# ACTIVITY
Range to copy from the entries below: the line containing "ELEVATIONS AND INTERIOR" through the line containing "Cecico Black and", inclusive. Retype only those lines, exactly, without any images.

# TASK INPUTS
((

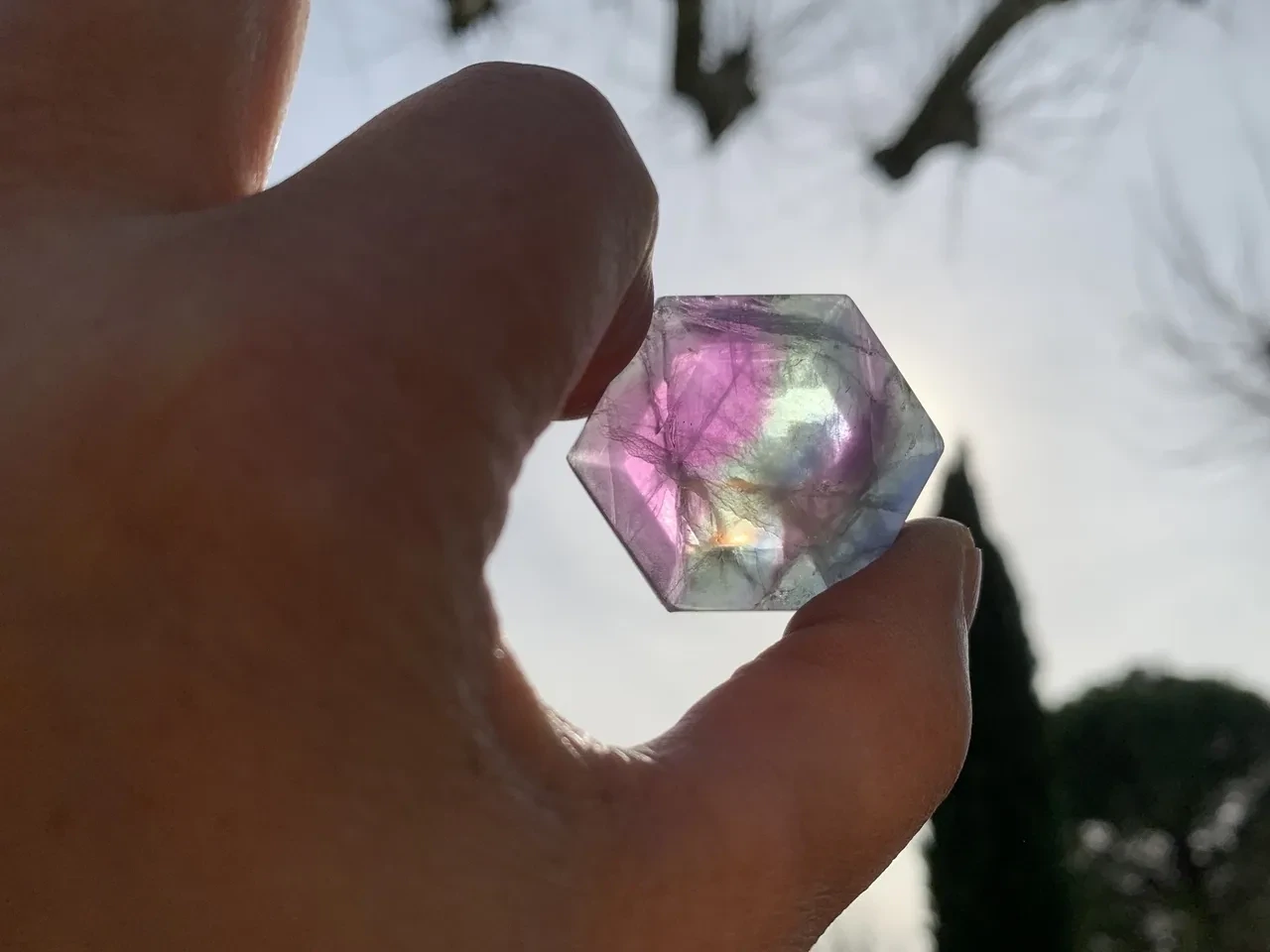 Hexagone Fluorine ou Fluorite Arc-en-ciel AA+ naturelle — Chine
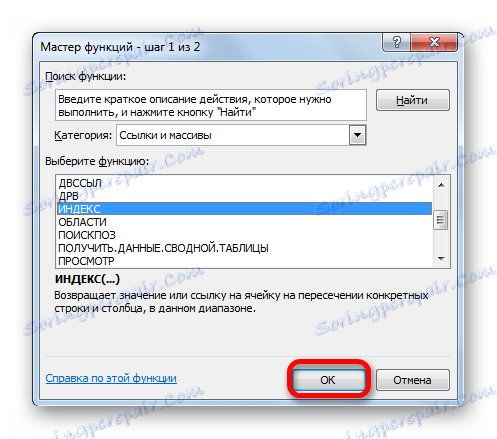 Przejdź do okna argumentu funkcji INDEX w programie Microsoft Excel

))
((

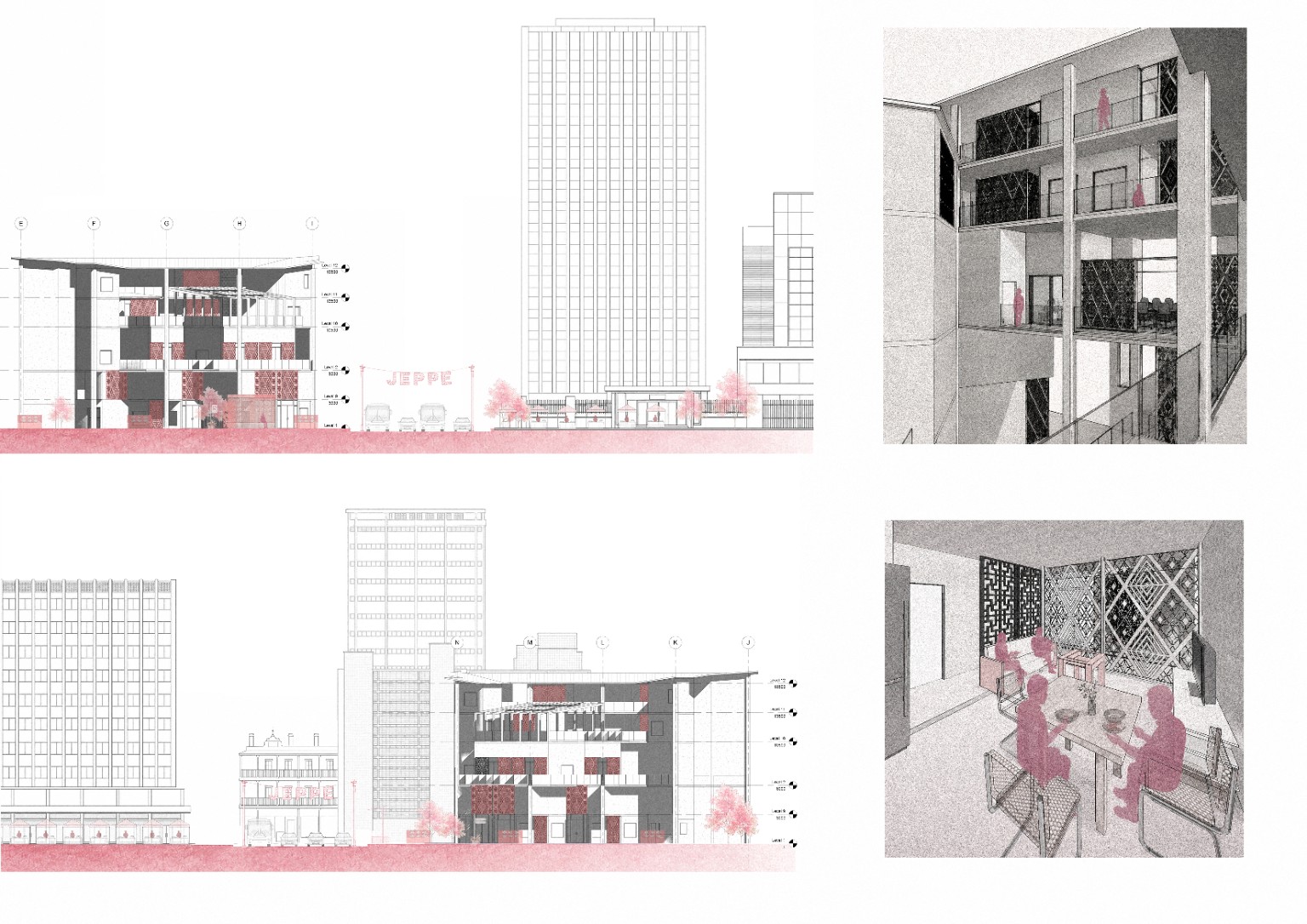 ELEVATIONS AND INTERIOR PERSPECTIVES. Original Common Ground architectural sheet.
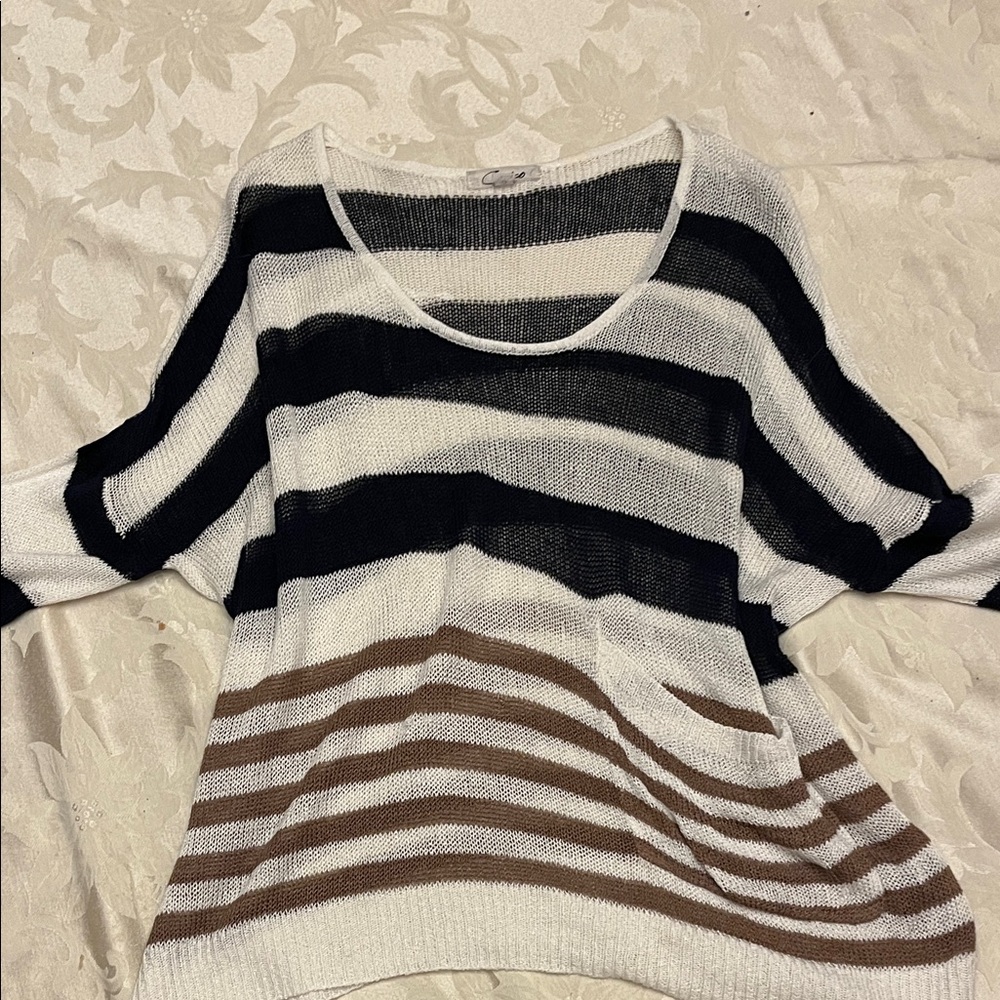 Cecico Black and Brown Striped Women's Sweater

))

# EXERCISE SOLUTION
 ELEVATIONS AND INTERIOR PERSPECTIVES. Original Common Ground architectural sheet.
 Cecico Black and Brown Striped Women's Sweater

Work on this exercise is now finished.